シャープは5月14日、2017年度を最終年度とする中期経営計画を発表した。同社・高橋興三社長は、「弱体化した経営体質を改善し、再生と成長を実現するため、今日の発表を契機とし、復活に向けた再スタートを切りたい」「私が不退転の覚悟で先頭に立ち、社員一丸となって、中期経営計画の達成に取り組む」と述べた。中期経営計画の最終年度となる2017年度は、売上高で3兆円、営業利益1,200億円を目指す。

シャープ 代表取締役社長 高橋興三氏

その一方で、「経営がまちがっていなければこうなる(2,223億円もの赤字に転落する)はずはない。これまでの市場環境のもとでは黒字を出せる体質にあったが、2014年度下期のように環境が変化した状況においては、耐えられない体質であることが発覚した。ガバナンス、経営管理が外部の環境変化に弱かった」と2014年度を振り返った。

また、「今回の中期経営計画は私が中心となって策定したものであり、これを遂行することが私の経営責任。身を引くのもひとつのやり方だが、途中で投げ出すわけにはいかない」と引責辞任ついては否定。「途中で失敗したらどうするのかということを考えたらスタートラインには立てない。絶対にやりきるという意志を持たなくてはならない。社員とどう向き合っていけるか、社員とどう心をあわせていけるかという点は、今日から始まる私の大きな課題である」とも語った。

2014年度の連結業績、2,223億円の大幅赤字に

シャープが発表した2014年度(2014年4月~2015年3月)の連結業績は、売上高は前年比4.8%減の2兆7,862億円、営業損益は前年の1,085億円の黒字から、480億円の赤字に転落。経常損益は前年の532億円の黒字から965億円の赤字に、当期純損失は前年の115億円の黒字から、2,223億円の大幅に赤字になった。

シャープの2014年度連結業績。当期純利益はマイナス2,223億円

「2014年度後半から厳しさを増し、ご心配をおかけすることになり、申し訳なく思っている。2014年度決算は2年ぶりの赤字となった。価格下落を上回るコストダウンを行ったものの、液晶エンジニアリング事業による一過性収益の減少、売り上げ減少、モデルミックスの悪化などの影響もあり、利益は前年の約4割まで減少。さらに、太陽電池に使用するポリシリコン長期契約に伴う単価差引き当て、液晶在庫評価減により、マイナス480億円の営業赤字になった」(高橋社長、以下同)。

営業利益下振れの要因を示すスライド

「デジタル情報家電、液晶では期初予想に比べて、営業利益でそれぞれ200億円を超える差が出ており、これが急激な業績悪化の主因となっている。第4四半期に亀山、三重の液晶パネル工場、堺の太陽電池工場、福山および三原の電子デバイス工場の減損などで995億円、海外液晶テレビ事業構造改革費用などで65億円の特別損失を計上した」と大幅な赤字の要因について説明した。
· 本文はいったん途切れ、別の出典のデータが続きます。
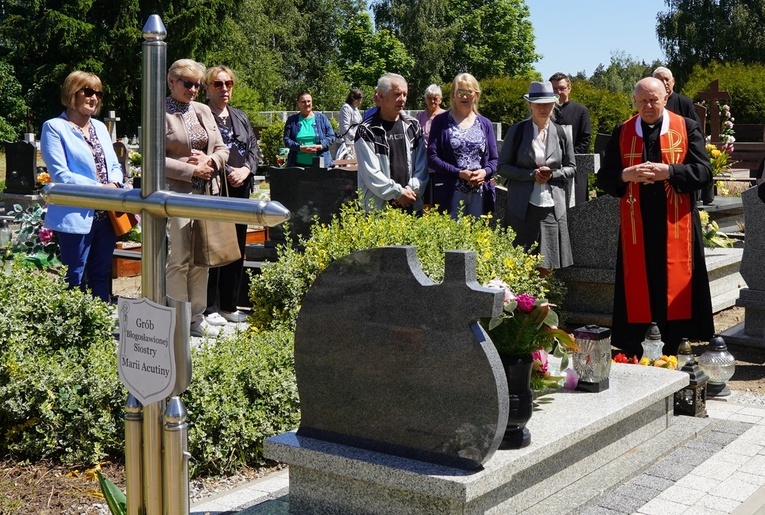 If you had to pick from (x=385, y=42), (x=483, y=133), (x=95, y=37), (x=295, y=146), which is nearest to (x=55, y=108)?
(x=95, y=37)

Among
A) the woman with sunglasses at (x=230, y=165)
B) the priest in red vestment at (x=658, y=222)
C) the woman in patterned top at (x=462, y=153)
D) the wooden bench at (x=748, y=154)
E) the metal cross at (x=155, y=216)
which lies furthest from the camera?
the wooden bench at (x=748, y=154)

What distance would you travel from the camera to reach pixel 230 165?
776 cm

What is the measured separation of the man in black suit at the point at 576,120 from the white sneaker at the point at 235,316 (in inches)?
140

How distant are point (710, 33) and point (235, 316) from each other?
52119 mm

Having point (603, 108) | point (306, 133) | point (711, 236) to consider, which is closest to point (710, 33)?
point (603, 108)

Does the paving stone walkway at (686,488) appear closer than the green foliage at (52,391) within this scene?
Yes

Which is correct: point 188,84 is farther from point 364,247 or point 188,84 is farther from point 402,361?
point 402,361

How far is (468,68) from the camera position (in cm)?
7738

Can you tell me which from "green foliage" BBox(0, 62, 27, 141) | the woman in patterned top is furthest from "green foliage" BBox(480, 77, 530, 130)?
the woman in patterned top

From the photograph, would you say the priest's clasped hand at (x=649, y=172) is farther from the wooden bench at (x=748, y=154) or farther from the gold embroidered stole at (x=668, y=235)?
the wooden bench at (x=748, y=154)

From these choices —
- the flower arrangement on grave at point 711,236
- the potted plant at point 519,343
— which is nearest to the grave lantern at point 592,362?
the potted plant at point 519,343

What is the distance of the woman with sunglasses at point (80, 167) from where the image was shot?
6.79m

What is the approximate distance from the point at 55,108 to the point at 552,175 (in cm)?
3890

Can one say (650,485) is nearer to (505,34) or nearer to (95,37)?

2015年度の通期連結業績見通しは。売上高が前年比0.5%増の2億8000億円、営業利益は800億円の黒字化を目指す。「2015年度は、中期経営計画達成の試金石となる。体質改善費用の減少、エネルギーソリューションや液晶の構造改革、人員適正化効果で、営業利益800億円の利益に達する。各事業のモデルミックスや採算改善の効果は折り込んでおらず、蓋然性は高い」と自信をみせた。だが、経常利益、当期純利益は目標値を公表しなかった。「2015年度は引き続き構造改革を進めていくことから、当期純利益については、構造改革方針が具体化した段階で公表する」という。

なお、新たな中期経営計画では、中間期である2016年度には売上高2兆9000億円、営業利益は1,000億円とし、当期純利益については黒字化することを目指す。